(Source records)
────
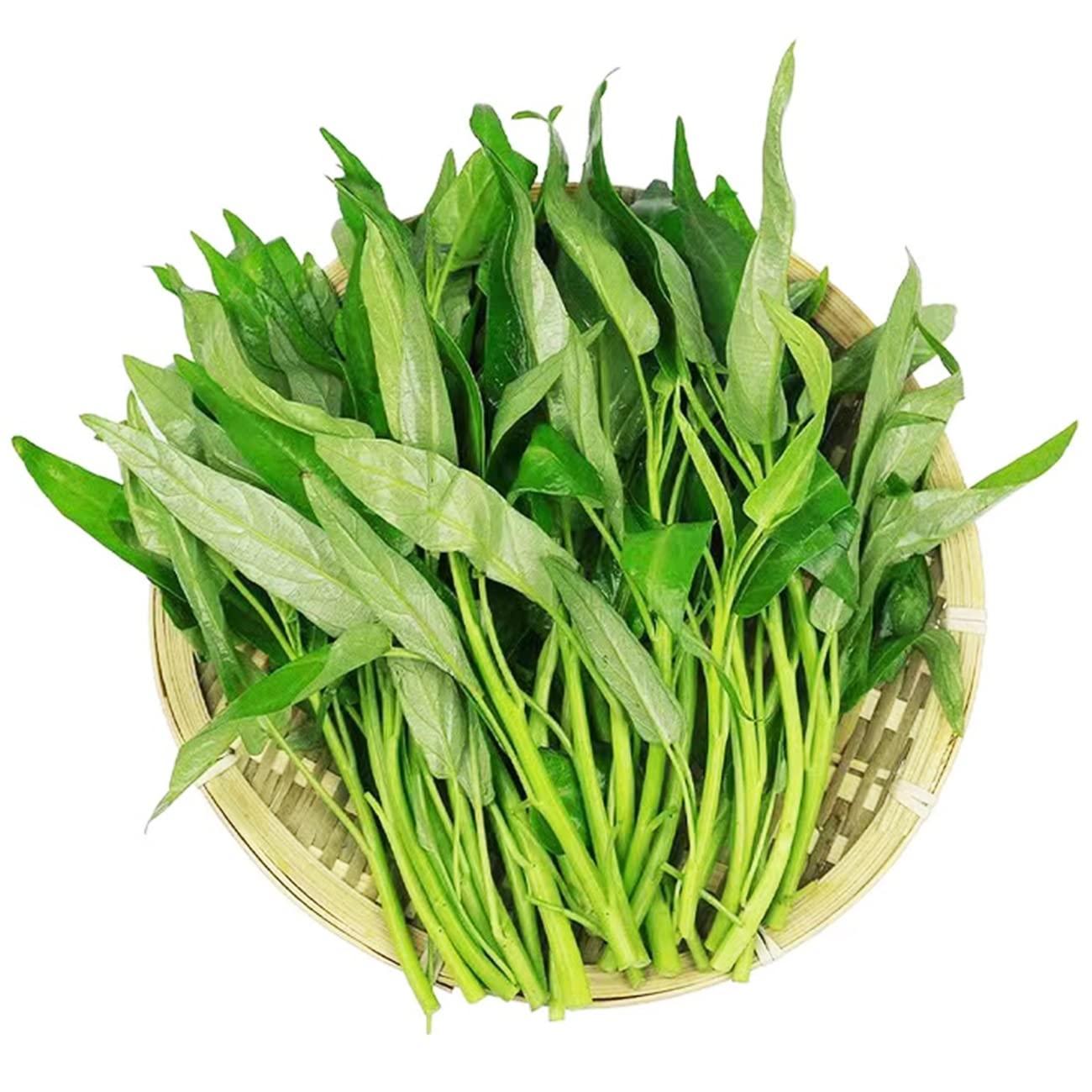 VISTATU Kong Xin Cai indoor garden setup demonstrates versatile home cultivation.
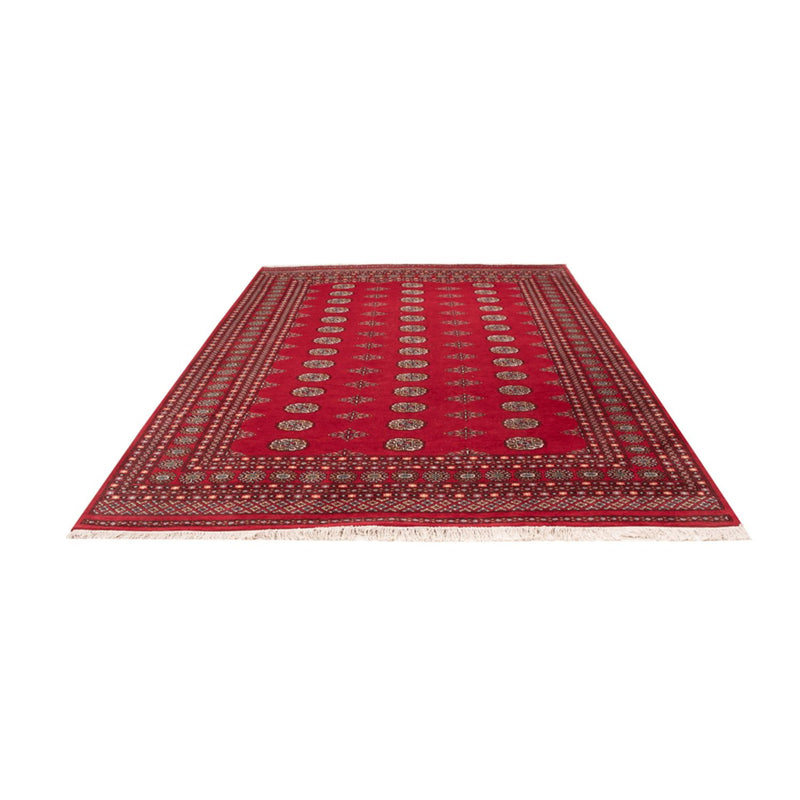 Afghaans tapijt - Bukhara - 303 x 205 cm - rood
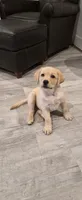 Akc English female Nova, a female Labrador Retriever for sale in Charleston, SC – 3 of 4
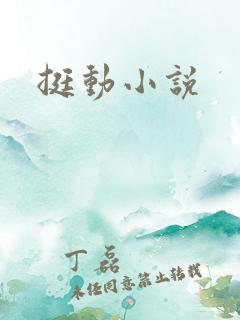 挺动小说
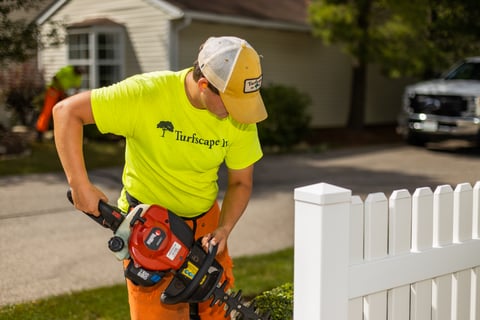 Hedge trimming near fence 2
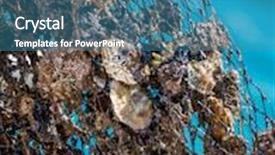  Presentation with farming - Presentation theme consisting of oyster farming in europe background and a teal colored foreground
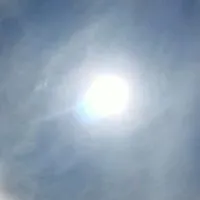 翁鴻老師課程賴群
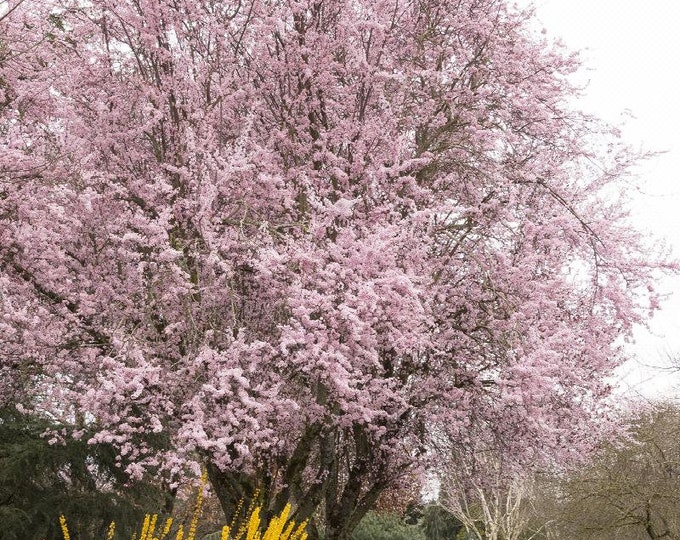 Prunus cerasifera 'Thundercloud'- 2 to 3 Feet Tall - Grafted Tree - Ship in pot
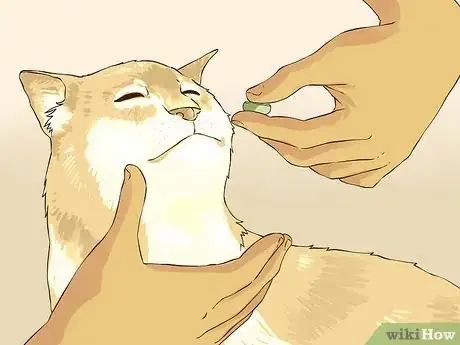 Image titled Travel with a Cat Step 5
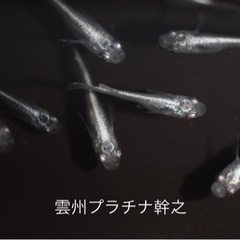 めだか　《雲州プラチナ幹之》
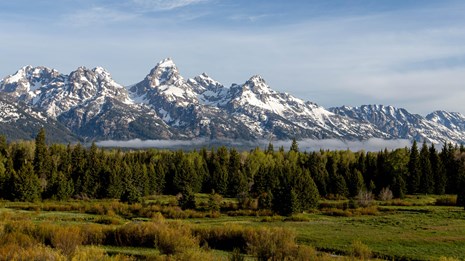 Grand Teton National Park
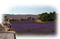 loly33 paysage lavande - kostenlos png Animiertes GIF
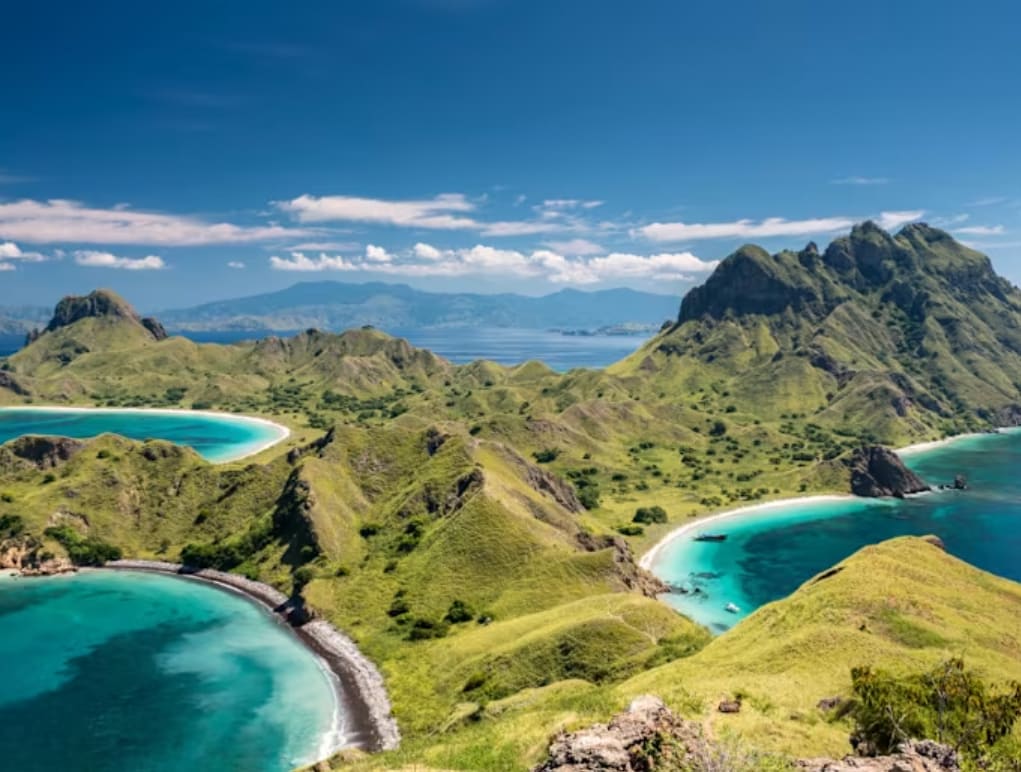 Related article image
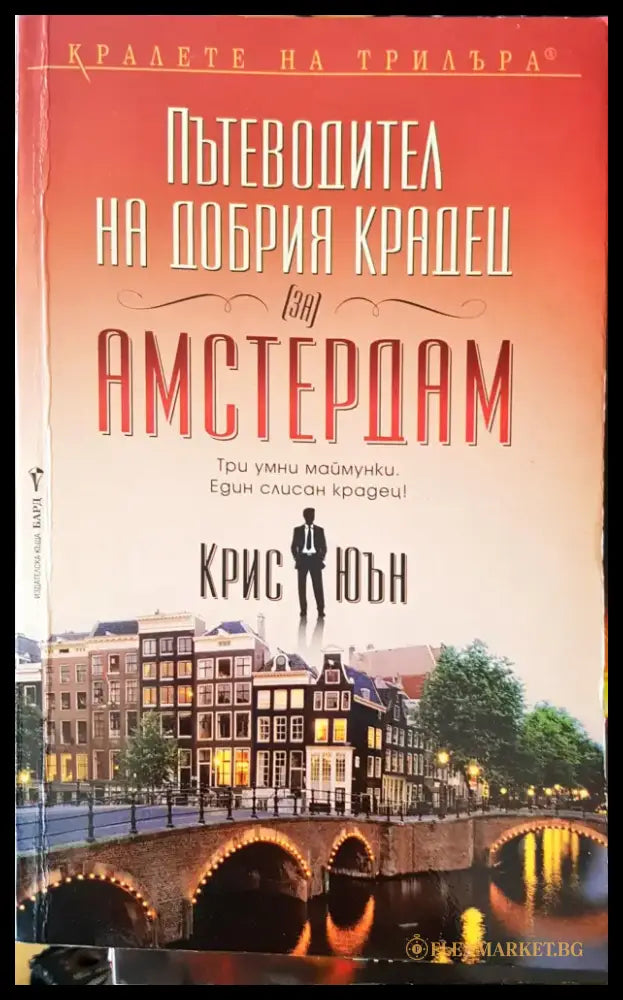 Пътеводител на самия крадец - Книги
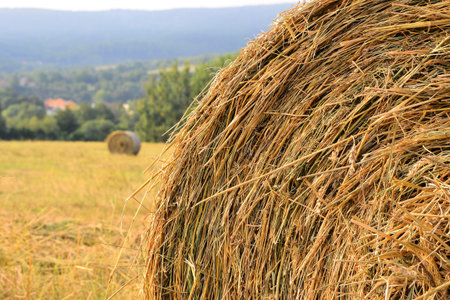 Straw on a field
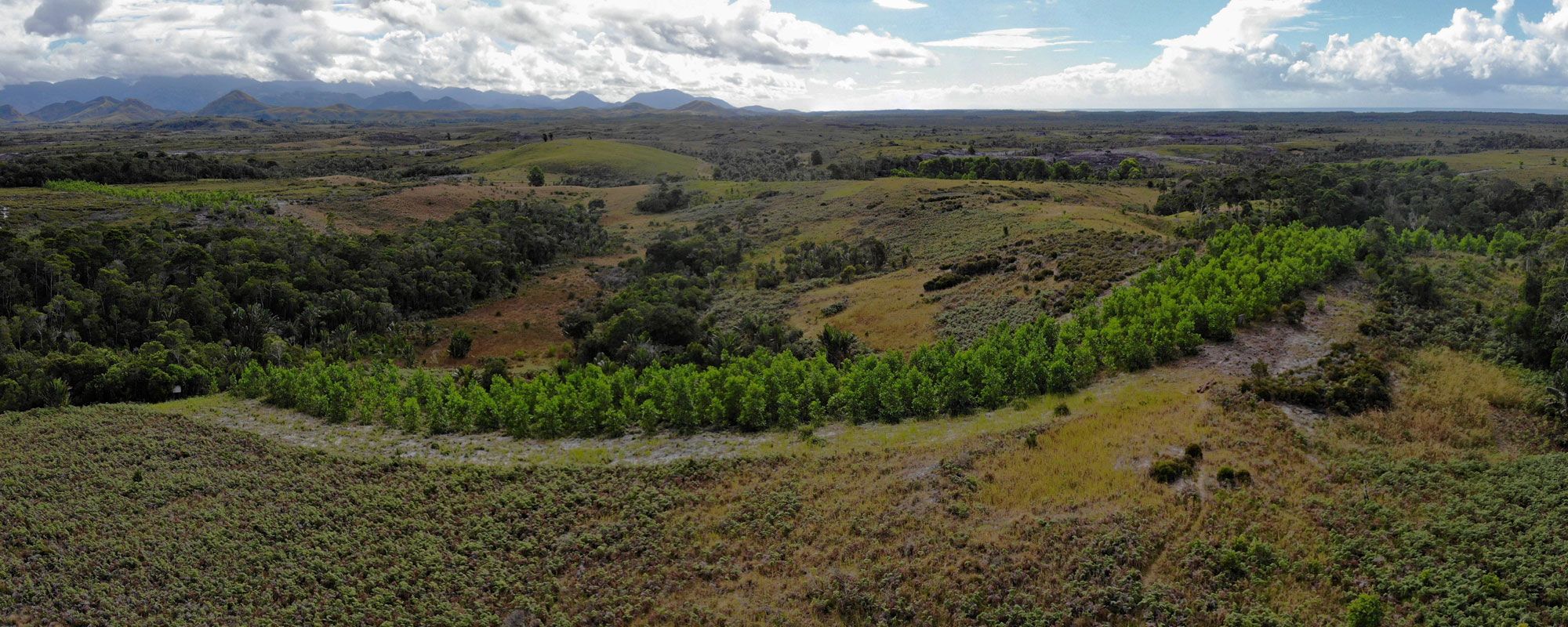 Aerial photo, corridor 3 of SEED's reforestation project in Sainte Luce, Madagascar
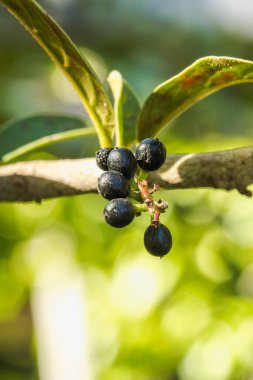 Antidesma thwait esianum Tamamen olgunlaşmış dallarda siyah renge dönüşür Vahşi bir meyve olarak sınıflandırılır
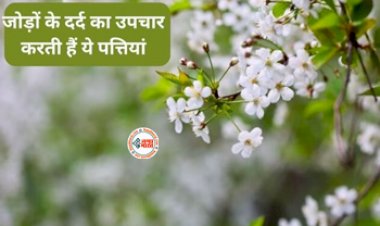 Harsingar Flower Juice : जोड़ो के दर्द और सूजन के लिए बेहद असरदार है ये फूल, मिलेंगे ये कई चमत्कारी फायदे...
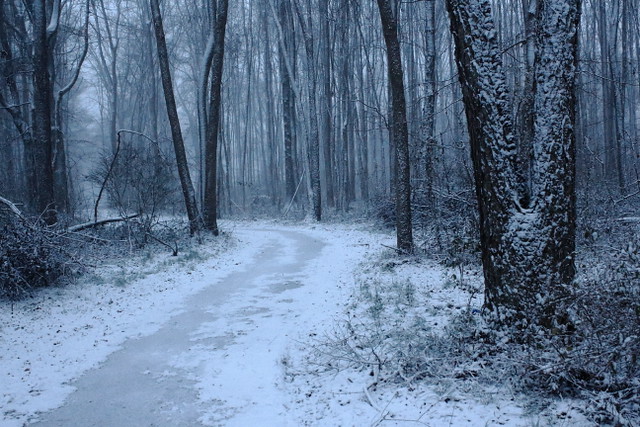 A Winter's Walk No. 3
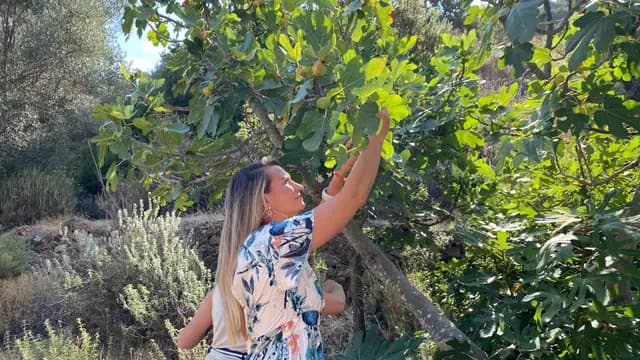 Beyaz desenli elbiseli kadın incir ağacından meyve topluyor — Datça'nın üretim kimliğini doğrudan anlatan bir hasat anı.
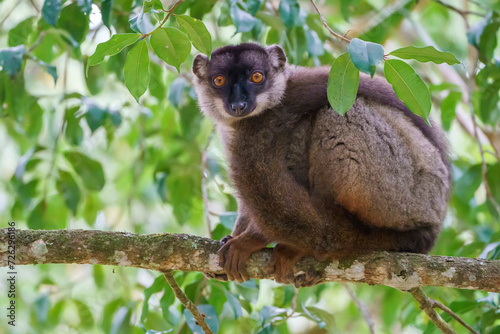 Fototapeta Naklejka Na Ścianę i Meble -  Common brown lemur (Eulemur fulvus) in the wild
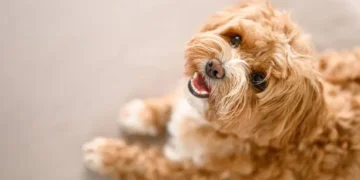 Cachorro - Reprodução/iStock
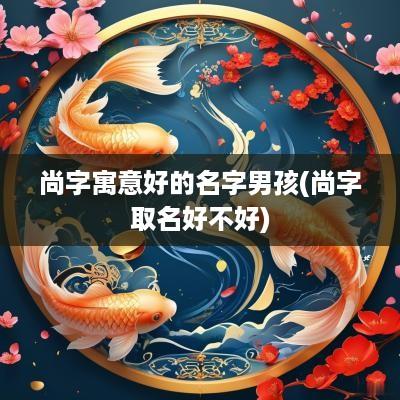 尚字寓意好的名字男孩(尚字取名好不好)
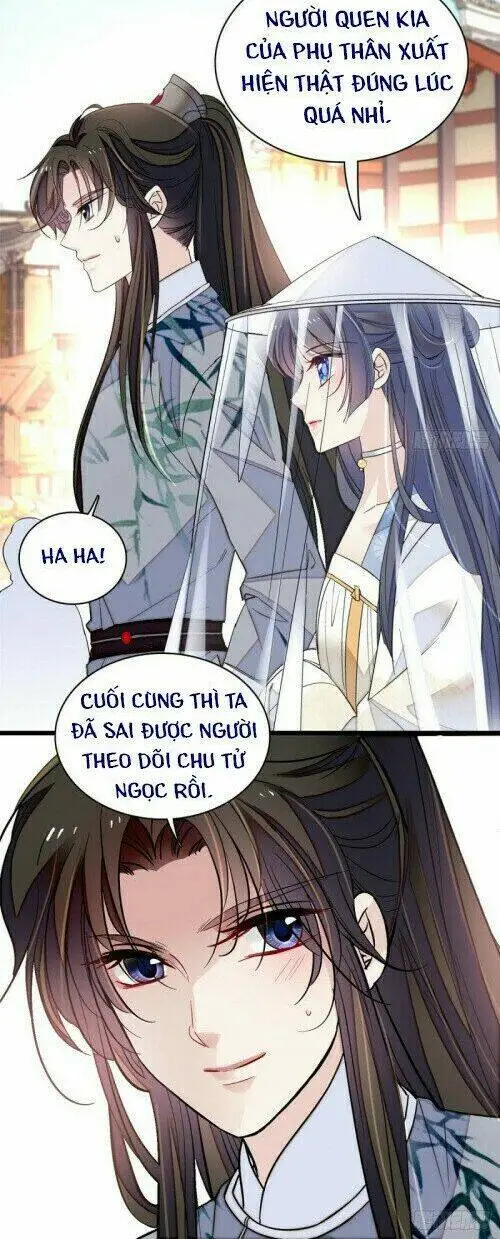 Chapter 117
────
### WHAT TO WORK ON
Return all of the entries exactly as written, but drop any pictures they hold.

### EXERCISE OUTPUT
 VISTATU Kong Xin Cai indoor garden setup demonstrates versatile home cultivation.
 Afghaans tapijt - Bukhara - 303 x 205 cm - rood
 Akc English female Nova, a female Labrador Retriever for sale in Charleston, SC – 3 of 4
 挺动小说
 Hedge trimming near fence 2
  Presentation with farming - Presentation theme consisting of oyster farming in europe background and a teal colored foreground
 翁鴻老師課程賴群
 Prunus cerasifera 'Thundercloud'- 2 to 3 Feet Tall - Grafted Tree - Ship in pot
 Image titled Travel with a Cat Step 5
 めだか　《雲州プラチナ幹之》
 Grand Teton National Park
 loly33 paysage lavande - kostenlos png Animiertes GIF
 Related article image
 Пътеводител на самия крадец - Книги
 Straw on a field
 Aerial photo, corridor 3 of SEED's reforestation project in Sainte Luce, Madagascar
 Antidesma thwait esianum Tamamen olgunlaşmış dallarda siyah renge dönüşür Vahşi bir meyve olarak sınıflandırılır
 Harsingar Flower Juice : जोड़ो के दर्द और सूजन के लिए बेहद असरदार है ये फूल, मिलेंगे ये कई चमत्कारी फायदे...
 A Winter's Walk No. 3
 Beyaz desenli elbiseli kadın incir ağacından meyve topluyor — Datça'nın üretim kimliğini doğrudan anlatan bir hasat anı.
 Fototapeta Naklejka Na Ścianę i Meble -  Common brown lemur (Eulemur fulvus) in the wild
 Cachorro - Reprodução/iStock
 尚字寓意好的名字男孩(尚字取名好不好)
 Chapter 117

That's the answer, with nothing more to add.